## Directions for this task
Transcribe only the lines of the listing below from the one holding "Peruvian vs Immigrants" through the one holding "Volvo FMX 500", inclusive, without any change.

## Records for this exercise

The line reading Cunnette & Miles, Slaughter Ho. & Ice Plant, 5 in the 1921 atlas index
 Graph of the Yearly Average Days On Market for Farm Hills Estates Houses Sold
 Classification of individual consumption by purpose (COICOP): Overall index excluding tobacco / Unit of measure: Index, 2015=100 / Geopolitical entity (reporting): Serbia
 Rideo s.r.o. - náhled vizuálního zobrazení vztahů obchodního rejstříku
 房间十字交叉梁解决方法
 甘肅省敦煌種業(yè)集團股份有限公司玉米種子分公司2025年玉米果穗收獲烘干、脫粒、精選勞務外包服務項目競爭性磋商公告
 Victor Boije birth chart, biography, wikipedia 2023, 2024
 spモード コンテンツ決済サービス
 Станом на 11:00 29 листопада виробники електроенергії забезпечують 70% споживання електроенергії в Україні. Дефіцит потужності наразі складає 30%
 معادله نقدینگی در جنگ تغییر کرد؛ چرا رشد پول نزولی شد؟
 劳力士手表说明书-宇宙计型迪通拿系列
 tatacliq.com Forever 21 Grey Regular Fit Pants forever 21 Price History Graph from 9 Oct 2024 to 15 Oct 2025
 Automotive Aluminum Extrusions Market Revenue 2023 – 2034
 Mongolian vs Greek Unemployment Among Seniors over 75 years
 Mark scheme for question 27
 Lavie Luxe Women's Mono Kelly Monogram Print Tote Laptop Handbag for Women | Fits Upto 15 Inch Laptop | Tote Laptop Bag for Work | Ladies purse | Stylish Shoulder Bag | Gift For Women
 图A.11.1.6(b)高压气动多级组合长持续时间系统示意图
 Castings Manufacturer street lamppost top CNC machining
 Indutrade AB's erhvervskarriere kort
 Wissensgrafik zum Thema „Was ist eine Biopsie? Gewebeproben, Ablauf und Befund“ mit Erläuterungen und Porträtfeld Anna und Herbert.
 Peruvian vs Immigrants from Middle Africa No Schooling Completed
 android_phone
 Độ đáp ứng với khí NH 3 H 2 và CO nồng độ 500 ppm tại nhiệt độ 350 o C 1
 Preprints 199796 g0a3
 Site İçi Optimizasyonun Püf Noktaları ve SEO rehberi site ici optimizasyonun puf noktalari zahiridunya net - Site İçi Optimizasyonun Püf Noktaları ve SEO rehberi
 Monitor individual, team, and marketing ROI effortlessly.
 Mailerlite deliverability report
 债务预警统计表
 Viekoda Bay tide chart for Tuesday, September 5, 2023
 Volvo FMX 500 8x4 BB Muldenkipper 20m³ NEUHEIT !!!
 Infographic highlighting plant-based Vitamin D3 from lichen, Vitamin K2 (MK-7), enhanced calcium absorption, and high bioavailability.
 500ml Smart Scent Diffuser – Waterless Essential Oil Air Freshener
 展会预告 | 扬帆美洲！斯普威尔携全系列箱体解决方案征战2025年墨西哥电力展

## Task result
 Peruvian vs Immigrants from Middle Africa No Schooling Completed
 android_phone
 Độ đáp ứng với khí NH 3 H 2 và CO nồng độ 500 ppm tại nhiệt độ 350 o C 1
 Preprints 199796 g0a3
 Site İçi Optimizasyonun Püf Noktaları ve SEO rehberi site ici optimizasyonun puf noktalari zahiridunya net - Site İçi Optimizasyonun Püf Noktaları ve SEO rehberi
 Monitor individual, team, and marketing ROI effortlessly.
 Mailerlite deliverability report
 债务预警统计表
 Viekoda Bay tide chart for Tuesday, September 5, 2023
 Volvo FMX 500 8x4 BB Muldenkipper 20m³ NEUHEIT !!!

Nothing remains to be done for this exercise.